--- DATASET EXCERPTS ---
══════

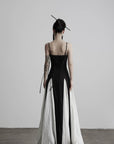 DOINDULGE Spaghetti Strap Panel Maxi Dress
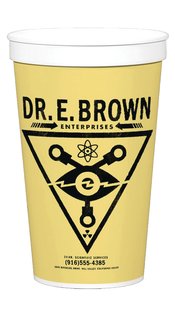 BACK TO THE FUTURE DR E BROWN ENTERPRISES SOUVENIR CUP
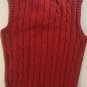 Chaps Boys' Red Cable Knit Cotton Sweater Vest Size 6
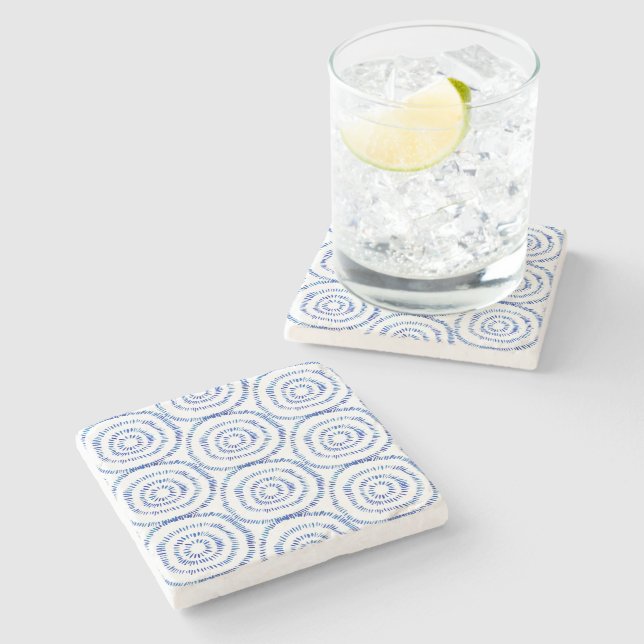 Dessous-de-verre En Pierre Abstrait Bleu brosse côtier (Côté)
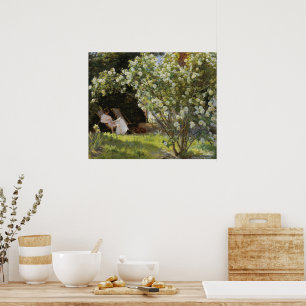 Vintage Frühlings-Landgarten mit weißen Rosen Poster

══════

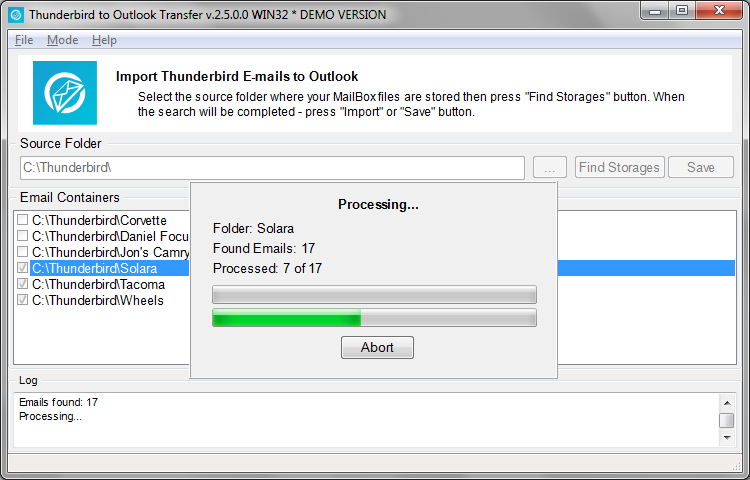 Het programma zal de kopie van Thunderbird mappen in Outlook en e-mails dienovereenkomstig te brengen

══════

--- WORK REQUEST ---
What you write must match the listing exactly, from the line with "Dessous-de-verre En Pierre" up to and including the line with "Vintage Frühlings-Landgarten mit". Pictures stay out.

--- FINISHED EXERCISE ---
 Dessous-de-verre En Pierre Abstrait Bleu brosse côtier (Côté)
 Vintage Frühlings-Landgarten mit weißen Rosen Poster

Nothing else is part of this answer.